La bestia sembró el terror durante siete días y siete noches, derribando templos y palacios, incendiando cientos de edificios y despedazando con sus garras las figuras temblorosas que encontraba suplicando misericordia tras arrancar los techos sobre sus cabezas. El dragón carmesí crecía día tras día y devoraba cuanto encontraba a su paso. Los cuerpos desgarrados llovían del cielo y las llamas de su aliento fluían por las calles como un torrente de sangre. Al séptimo día, cuando todos en la ciudad creían que la bestia iba a arrasarla por completo y a aniquilar a todos sus habitantes, una figura solitaria salió a su encuentro. Edmond de Luna, apenas recuperado y cojeando, ascendió las escalinatas que conducían al techo de la catedral. Allí esperó a que el dragón le avistase y viniera a por él. De entre las nubes negras de humo y brasa emergió la bestia en vuelo rasante sobre los tejados de Barcelona. Había crecido tanto que rebasaba ya en tamaño al templo del que había emergido. Edmond de Luna pudo ver su reflejo en aquellos ojos, inmensos como estanques de sangre. La bestia abrió las fauces para engullirlo, volando ahora como una bala de cañón sobre la ciudad y arrancando terrados y torres a su paso.
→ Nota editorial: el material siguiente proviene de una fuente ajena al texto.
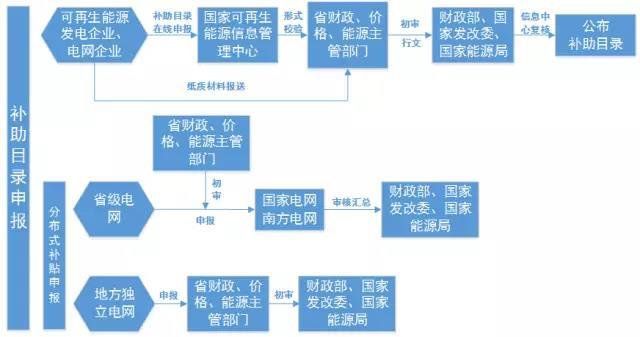 
	本文詳細(xì)介紹了可再生能源項(xiàng)目（含光伏）補(bǔ)助目錄的申報(bào)、資金撥付、資金清算、企業(yè)如何填報(bào)申請(qǐng)等內(nèi)容，分為兩部分：


	第一部分：可再生能源電價(jià)附加補(bǔ)貼資金管理流程


	第二部分：發(fā)電企業(yè)填報(bào)流程


	第一部分：可再生能源電價(jià)附加補(bǔ)貼資金管理流程




	


	圖1：補(bǔ)助目錄申報(bào)流程圖




	


	圖2：資金撥付流程圖




	


	圖3：資金清算流程圖


	第二部分：發(fā)電企業(yè)填報(bào)流程



	1、流程圖


	




	2、信息員培訓(xùn)報(bào)名



	3、可再生能源項(xiàng)目信息填報(bào)要求
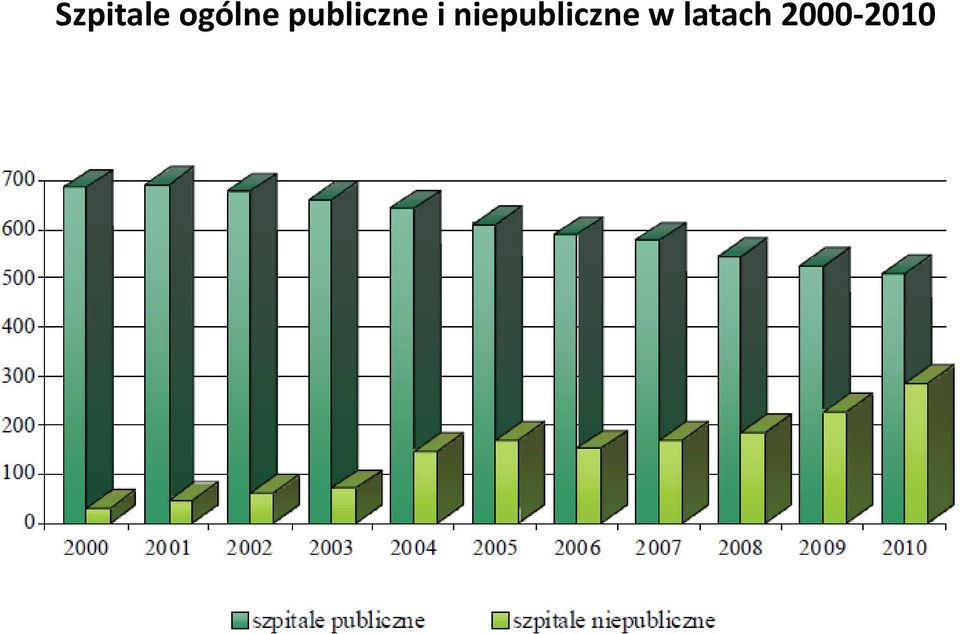 publiczne i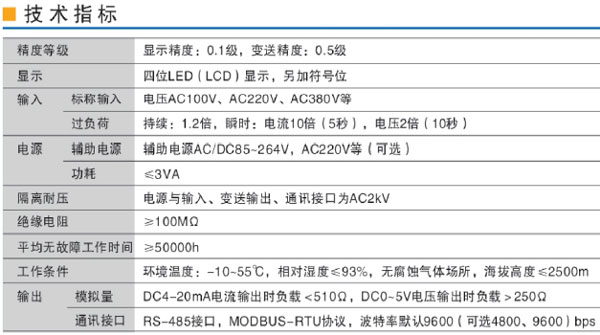 LYF-AE101、LYF-3E101、LYF-9E101頻率數顯表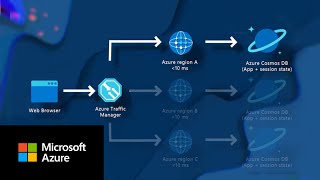 MultiRegion Application use case  Azure Cosmos DB Essentials Season 3 [upl. by Allez]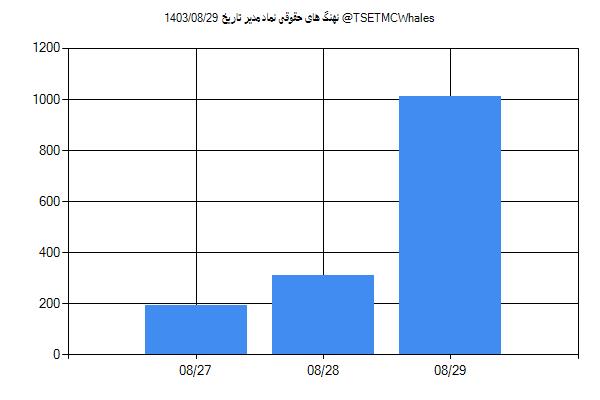 پول هوشمند حقوقی مدیر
Edmond de Luna extrajo entonces aquel miserable grano de arena que pendía de su cuello y lo apretó en el puño. Recordó las palabras de Constantino y se dijo que la fe le había por fin encontrado y que su muerte era un precio muy pequeño para purificar el alma negra de la bestia, que no era sino la de todos los hombres. Alzó así el puño que asía la lágrima de Cristo, cerró los ojos y se ofreció. Las fauces lo engulleron a la velocidad del viento y el dragón se elevó en lo alto, escalando las nubes. Quienes recuerdan aquel día dicen que el cielo se abrió en dos y que un gran resplandor prendió el firmamento. La bestia quedó envuelta en las llamas que resbalaban entre sus colmillos y el batir de sus alas proyectó una gran rosa de fuego que cubrió totalmente la ciudad. Se hizo entonces el silencio y cuando volvieron a abrir los ojos, el cielo se había cubierto como en la noche más cerrada y una lenta lluvia de copos de ceniza brillante se precipitó desde lo más alto, cubriendo las calles, las ruinas quemadas y la ciudad de tumbas, templos y palacios con un manto blanco que se deshacía al tacto y que olía a fuego y maldición.